Though internet casino gambling is only legal in a few states, some in the industry are convinced that the practice is the future of betting.
Last Wednesday at the SBC Summit North America—the major gambling industry conference—executives acknowledged that they’ve had difficulty in expanding the legislation of online casino games. However, they remain certain that the future of gambling is online.
Elizabeth Suever, a vice president with Bally’s Corporation, said, “Once you get to millennials, people are comfortable basically running their entire life off their cell phone. This is where gaming is going.”
However, even despite the surge in popularity, online gambling is not reaching quick legal status in many states. Only seven U.S. states currently offer legalized online casino games. These include Connecticut, Delaware, Michigan, New Jersey, Pennsylvania, Rhode Island, and West Virginia. Nevada offers internet poker, but not online casino games.

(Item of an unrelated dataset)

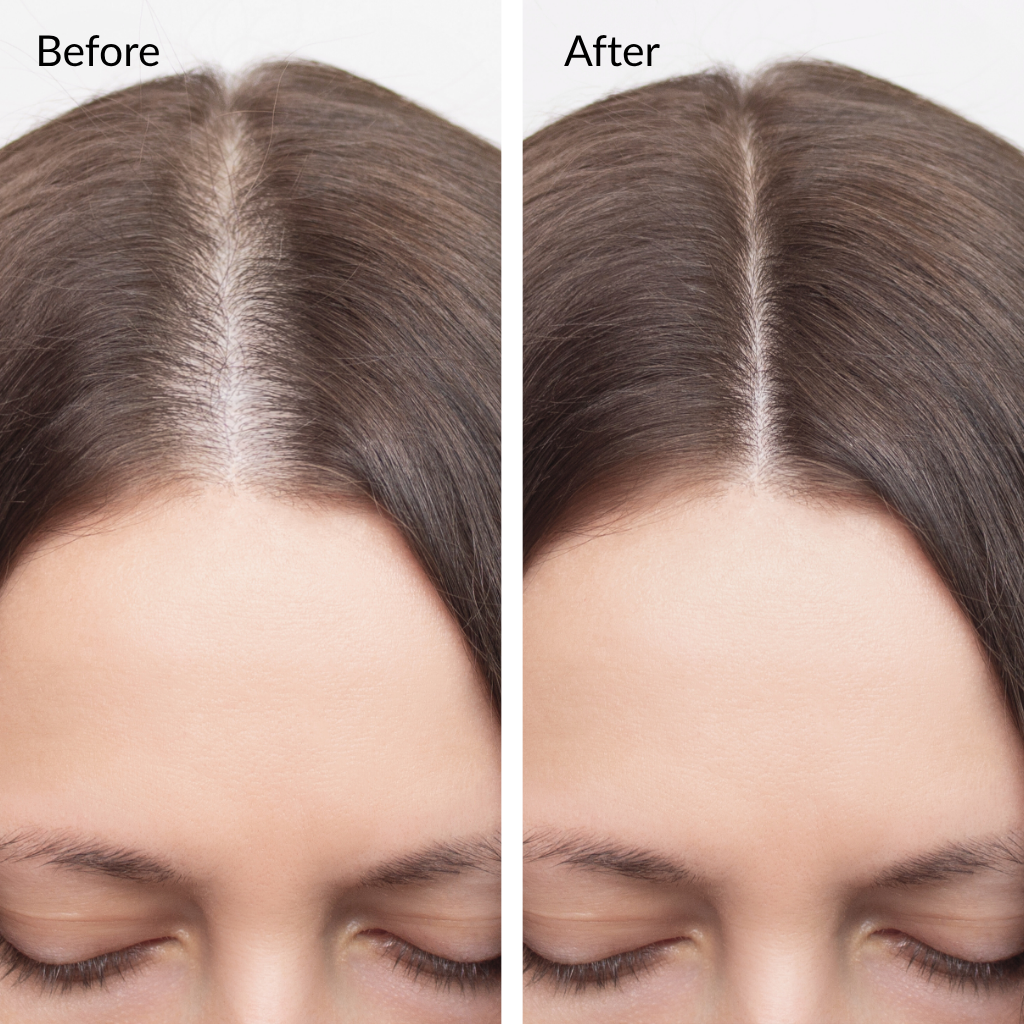 Rosemary Hair Oil Intense Growth Syrup 100ml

This contrasts with 38 states plus Washington D.C. which offer legal sports betting, the overwhelming majority of which is done online, and mostly through cell phones.
When the U.S. Supreme Court opened measures to make legal sports betting in any U.S. state, the bets “took off like a rocket,” according to Shawn Fluharty, a West Virginia legislator, and the president of the National Council of Legislators from Gaming States.
“Many people thought i-gaming would follow suit,” Fluharty said. “That has not taken place.”
Brandt Iden, the vice president of Fanatics Betting & Gaming, agreed with Fluharty’s assessment by stating, “It’s been a rough road,” adding, “I-gaming is paramount; this is the direction the industry needs to go to be successful, and this is where consumers want it to go.”
When Deutsche Bank issued a research note last month stating that it is likely a matter of “when, not if” internet gambling in Atlantic City overtakes revenue from physical casinos, panelists found some agreement.
They claimed that the industry needed to do a better job of educating lawmakers about internet casino games, and drew comparisons to the illegal, unregulated offshore websites that attract customers all over the country. Legal sites would offer strict regulations and protect customers from fraud, as well as include responsible gaming options such as self-imposed time-outs and activity limits.
Cesar Fernandez, a senior director with FanDuel, said that online casino games should prove to be increasingly attractive as federal post-pandemic aid dries up and that U.S. states could bring in new revenue without the need to raise taxes. Fernandez claimed that, since 2018, FanDuel had paid $3.2 billion in taxes. “That’s a lot of teacher salaries, a lot of police officers and firefighters,” he added.
The industry has cited several challenges to a wider approval of casino gambling. This includes fears of increasing addiction by “putting a slot machine in people’s pockets,” Iden said and added that casino companies needed to implement more player protections.
These issues, combined with whether internet gambling cannibalizes internet casinos, remain prevalent. However, many in the gambling industry have stated that the two types of gambling can complement each other.
However, some casino executives have said that their internet counterparts are hurting the revenue of their brick-and-mortar stars. Rob Norton, president of Cordish Gaming, has been the most vocal in raising the alarm that online gambling will do this. “We’re setting ourselves up for our own failure,” he has stated.
Norton has stated that in-person sports betting revenue in the company’s Maryland Live! casino declined by 65% “and has stayed there.” He added that there has been a decrease of around 7,000 people per day, and that may be one reason why online casino games have not spread more widely.
Adam Glass, an executive with Rush Street Interactive, an online gambling company, has stated that his firm has a relationship with physical casinos, and works hard to be “additive” to them, claiming that online gambling can also be a job creator. This takes effect not only in designing and operating the games themselves but also in industries such as marketing and media.
Quincy Raven, the U.S. managing director of NeoGames Group—a technology company that has been recently acquired by Aristocrat Leisure Limited—has stated that what may appear to be cannibalization to one person may be successful business to another company. He elaborated, “That’s not cannibalization; it’s just competition.”